# Do you clean your horse's pasture?



## Librahorsegal (Nov 20, 2011)

I work at this private barn where i have to clean and feed the 2 horses. I have to clean the pony's paddock with a muck bucket. Then drag the heavy bucket to the other side of the barn and then push it under the fence and lift it up into a wheel barrow and then push the wheelbarrow to the muck cart which is in the driveway.
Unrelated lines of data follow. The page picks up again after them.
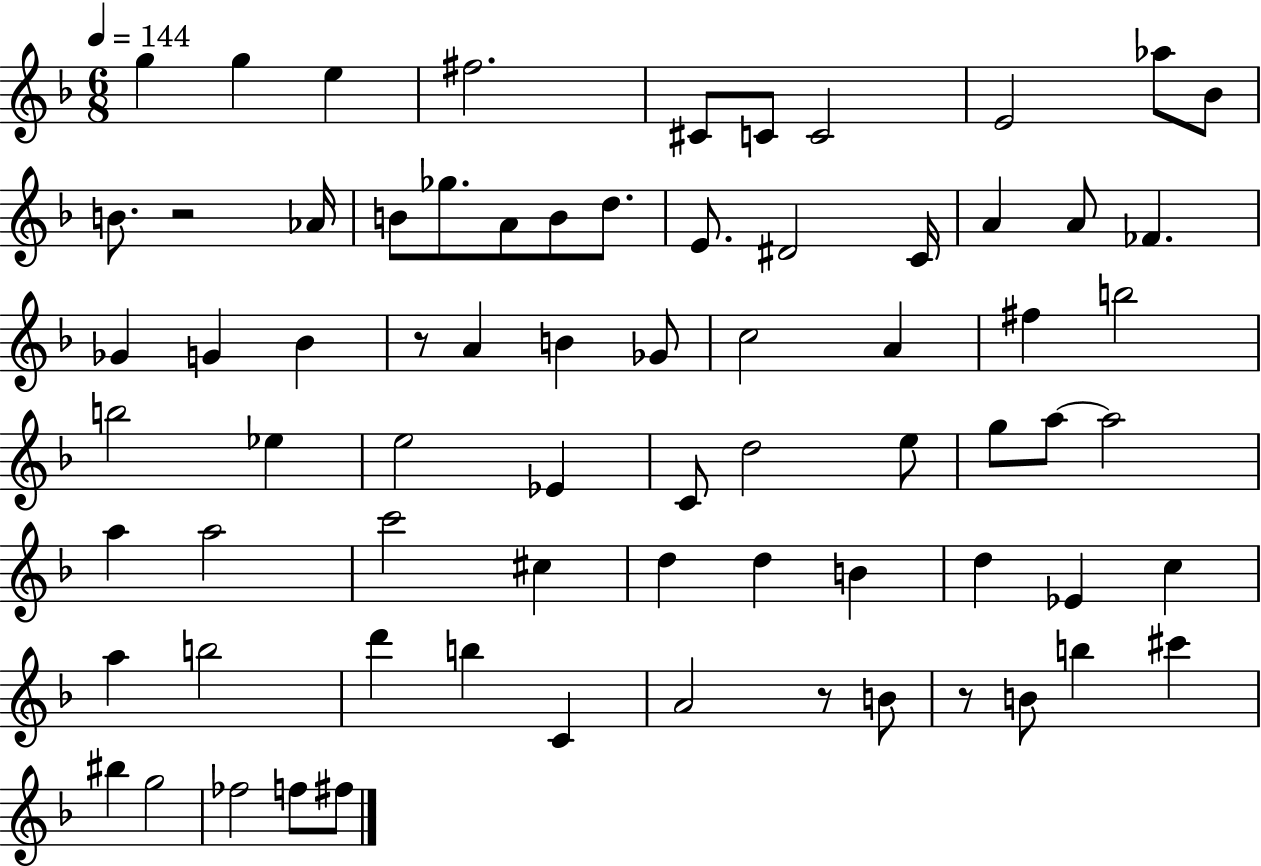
X:1
T:Untitled
M:6/8
L:1/4
K:F
g g e ^f2 ^C/2 C/2 C2 E2 _a/2 _B/2 B/2 z2 _A/4 B/2 _g/2 A/2 B/2 d/2 E/2 ^D2 C/4 A A/2 _F _G G _B z/2 A B _G/2 c2 A ^f b2 b2 _e e2 _E C/2 d2 e/2 g/2 a/2 a2 a a2 c'2 ^c d d B d _E c a b2 d' b C A2 z/2 B/2 z/2 B/2 b ^c' ^b g2 _f2 f/2 ^f/2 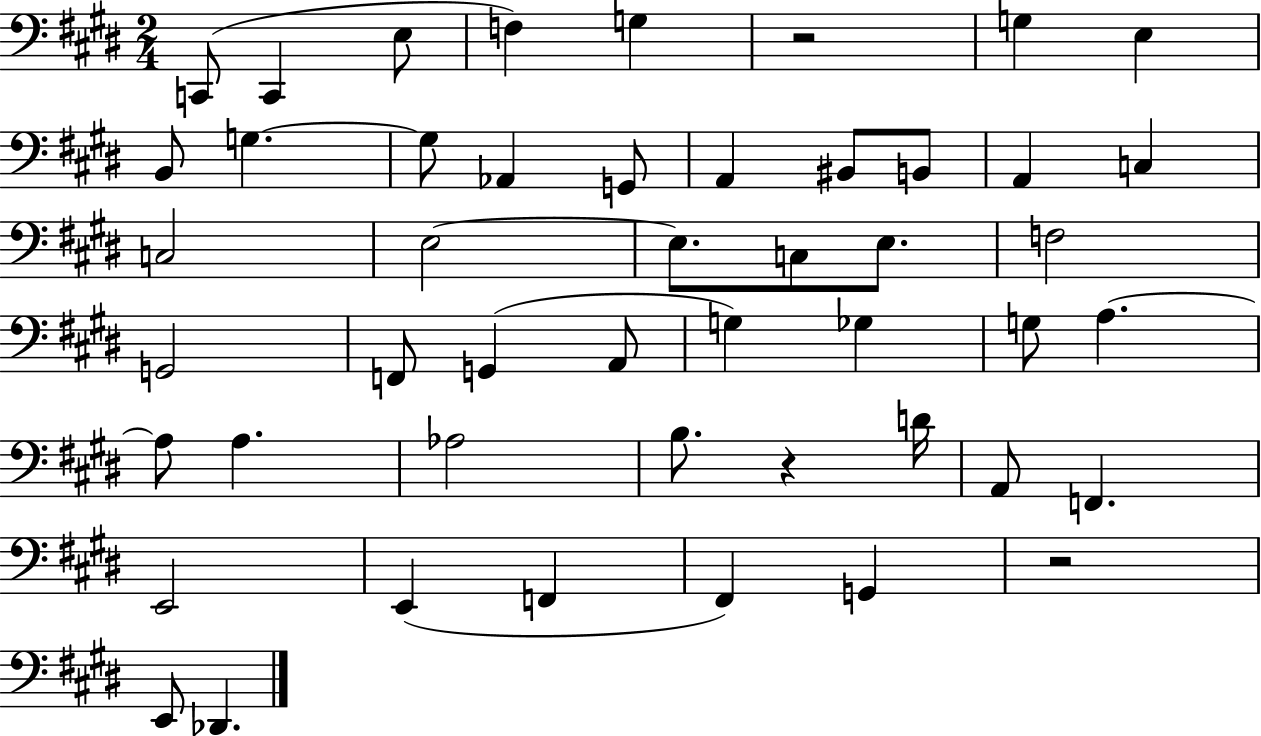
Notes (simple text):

C2/e C2/q E3/e F3/q G3/q R/h G3/q E3/q B2/e G3/q. G3/e Ab2/q G2/e A2/q BIS2/e B2/e A2/q C3/q C3/h E3/h E3/e. C3/e E3/e. F3/h G2/h F2/e G2/q A2/e G3/q Gb3/q G3/e A3/q. A3/e A3/q. Ab3/h B3/e. R/q D4/s A2/e F2/q. E2/h E2/q F2/q F#2/q G2/q R/h E2/e Db2/q. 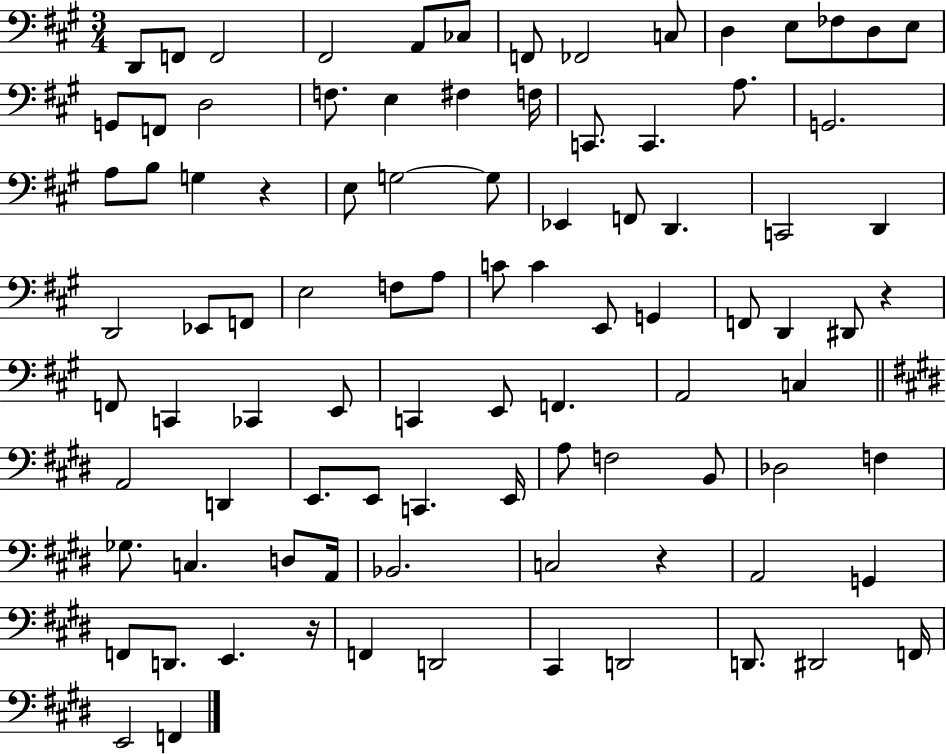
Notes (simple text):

D2/e F2/e F2/h F#2/h A2/e CES3/e F2/e FES2/h C3/e D3/q E3/e FES3/e D3/e E3/e G2/e F2/e D3/h F3/e. E3/q F#3/q F3/s C2/e. C2/q. A3/e. G2/h. A3/e B3/e G3/q R/q E3/e G3/h G3/e Eb2/q F2/e D2/q. C2/h D2/q D2/h Eb2/e F2/e E3/h F3/e A3/e C4/e C4/q E2/e G2/q F2/e D2/q D#2/e R/q F2/e C2/q CES2/q E2/e C2/q E2/e F2/q. A2/h C3/q A2/h D2/q E2/e. E2/e C2/q. E2/s A3/e F3/h B2/e Db3/h F3/q Gb3/e. C3/q. D3/e A2/s Bb2/h. C3/h R/q A2/h G2/q F2/e D2/e. E2/q. R/s F2/q D2/h C#2/q D2/h D2/e. D#2/h F2/s E2/h F2/q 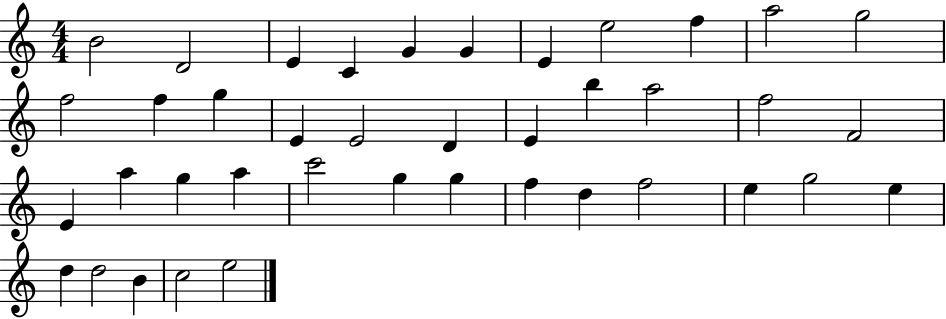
X:1
T:Untitled
M:4/4
L:1/4
K:C
B2 D2 E C G G E e2 f a2 g2 f2 f g E E2 D E b a2 f2 F2 E a g a c'2 g g f d f2 e g2 e d d2 B c2 e2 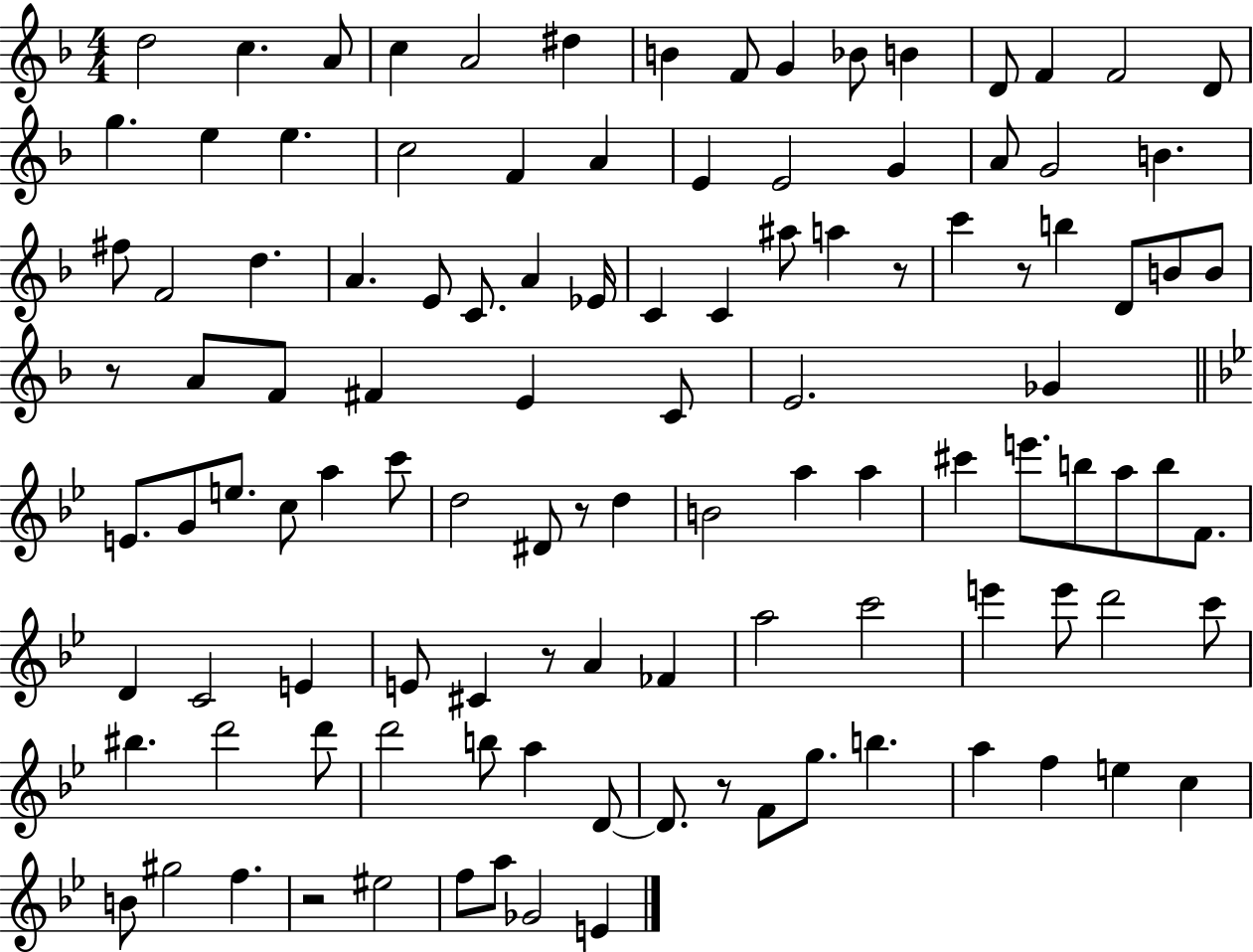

So do you clean your horse's pasture? What do you use to clean it with? muck bucket? wheel barrow?


----------



## ArabianAllie (Oct 3, 2010)

HAHA no! but there are 25 horses at my stable. The owner doesn't clean the pasture, just the stalls once a day.


----------



## PaintHorseMares (Apr 19, 2008)

If for some reason we had a horse contained in a small paddock we would use a wheelbarrow. No cleaning in the pasture...it all just dries up and washes/blows away.


----------



## Dreamcatcher Arabians (Nov 14, 2010)

I pick 10 acres by hand every day. I figure it's just like picking stalls in the barn.


----------



## MoodIndigo (Oct 18, 2010)

I bet Dreamcatcher's horses are nearly worm free 

There are two really good ideas for pasture management.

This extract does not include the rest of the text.